Only one stretch of the material below is wanted: everything from the line containing "2 bedroom Condominium" down to the line containing "Used 2016 Jeep Cherokee Sport image 10", both ends included. Repeat it exactly and skip the pictures.

* _DATA PROVIDED_
______
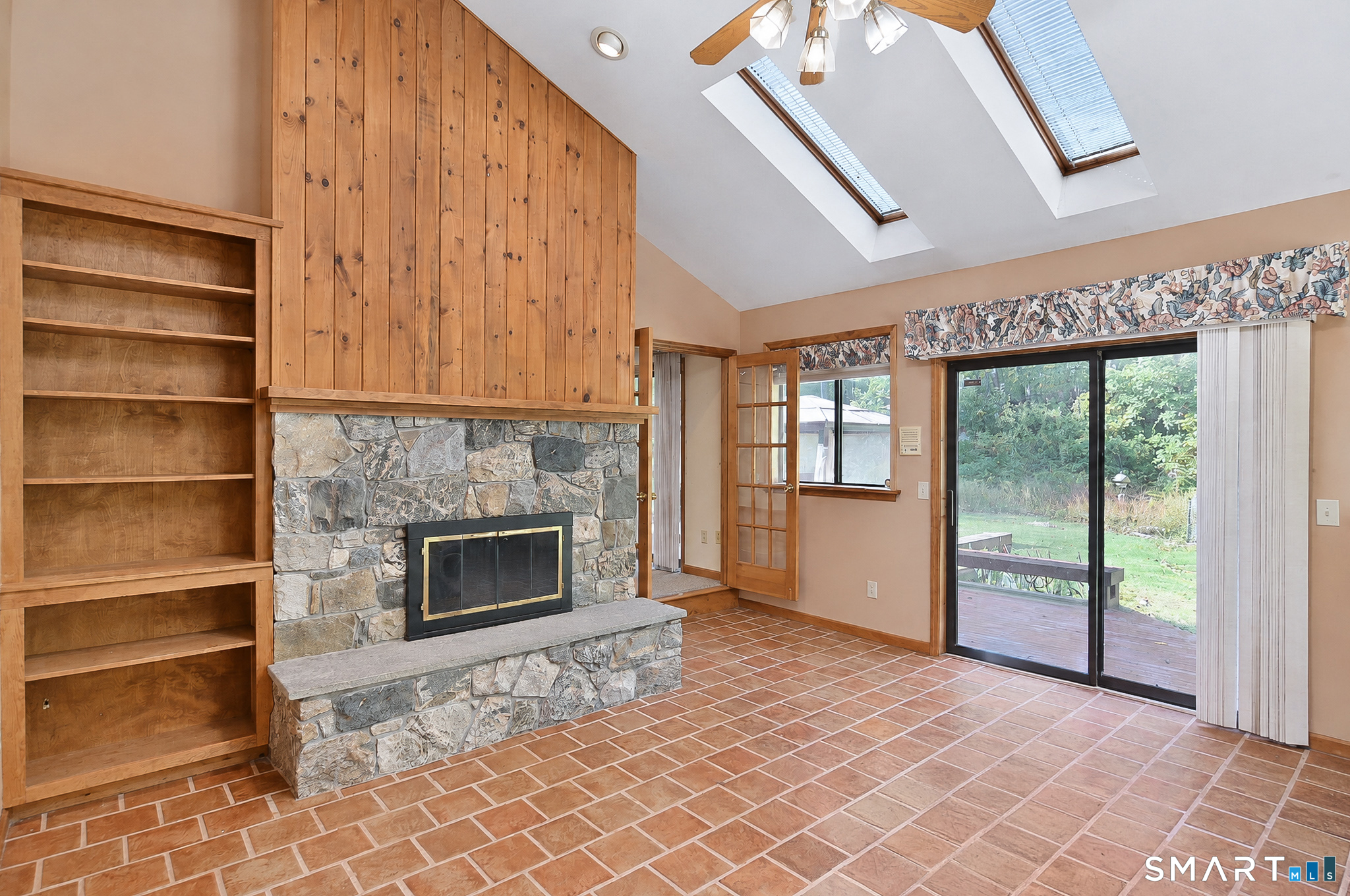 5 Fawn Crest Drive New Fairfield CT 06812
______
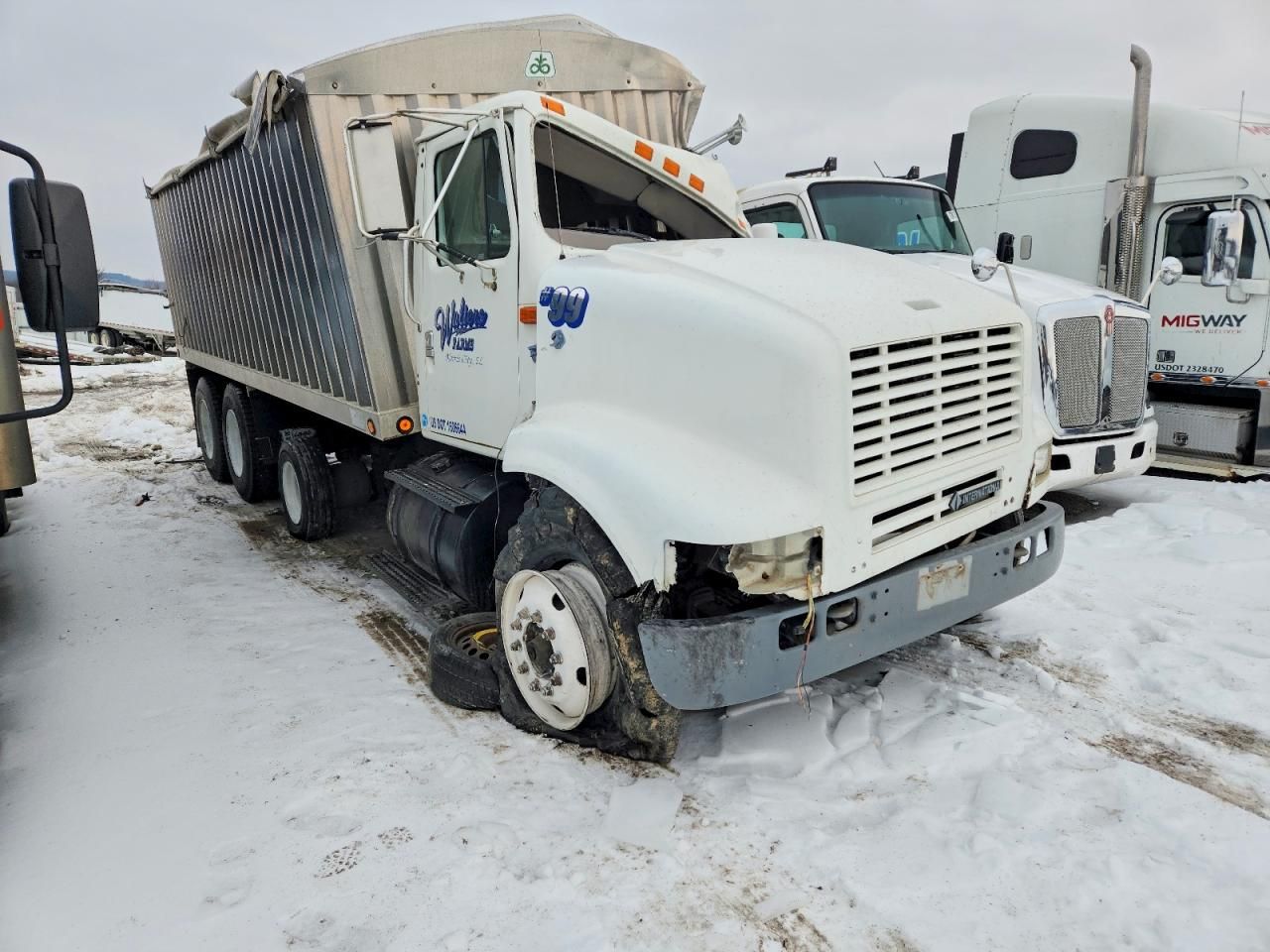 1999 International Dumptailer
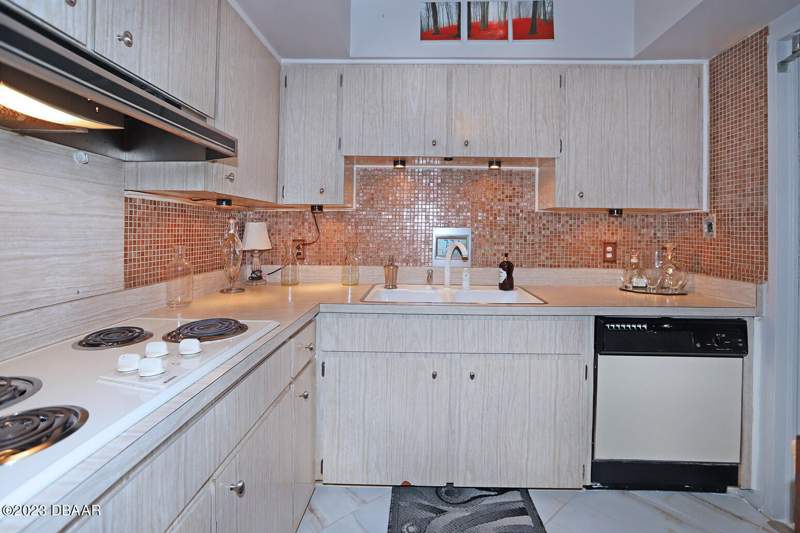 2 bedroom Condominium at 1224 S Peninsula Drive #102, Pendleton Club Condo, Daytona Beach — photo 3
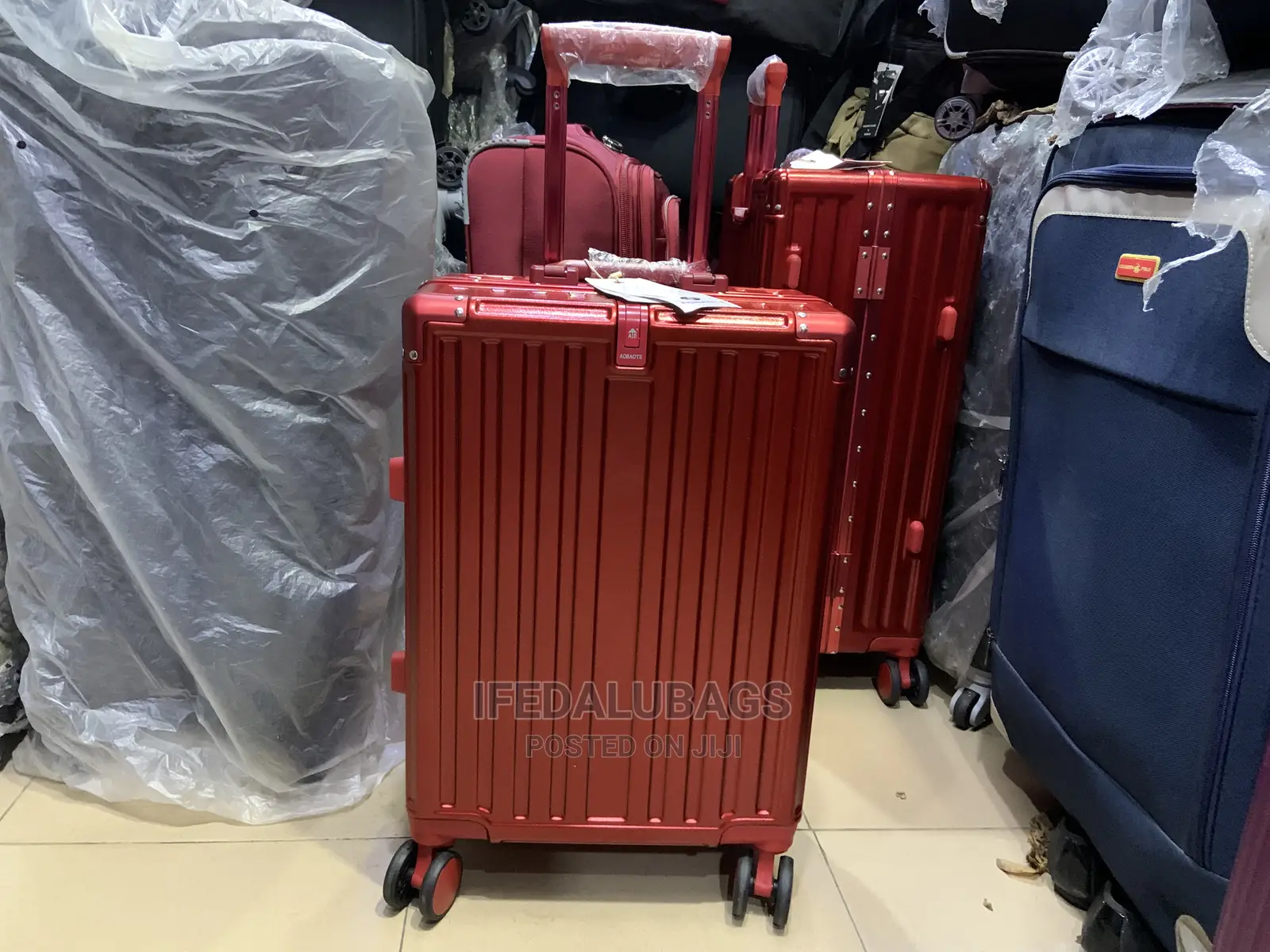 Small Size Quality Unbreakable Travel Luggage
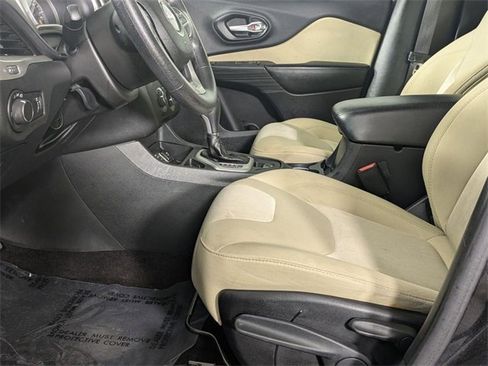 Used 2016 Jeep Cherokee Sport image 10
______
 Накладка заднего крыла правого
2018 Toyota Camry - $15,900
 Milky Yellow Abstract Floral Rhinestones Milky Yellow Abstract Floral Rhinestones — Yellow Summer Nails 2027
______
* _ANSWER FOR THE TASK_
 2 bedroom Condominium at 1224 S Peninsula Drive #102, Pendleton Club Condo, Daytona Beach — photo 3
 Small Size Quality Unbreakable Travel Luggage
 Used 2016 Jeep Cherokee Sport image 10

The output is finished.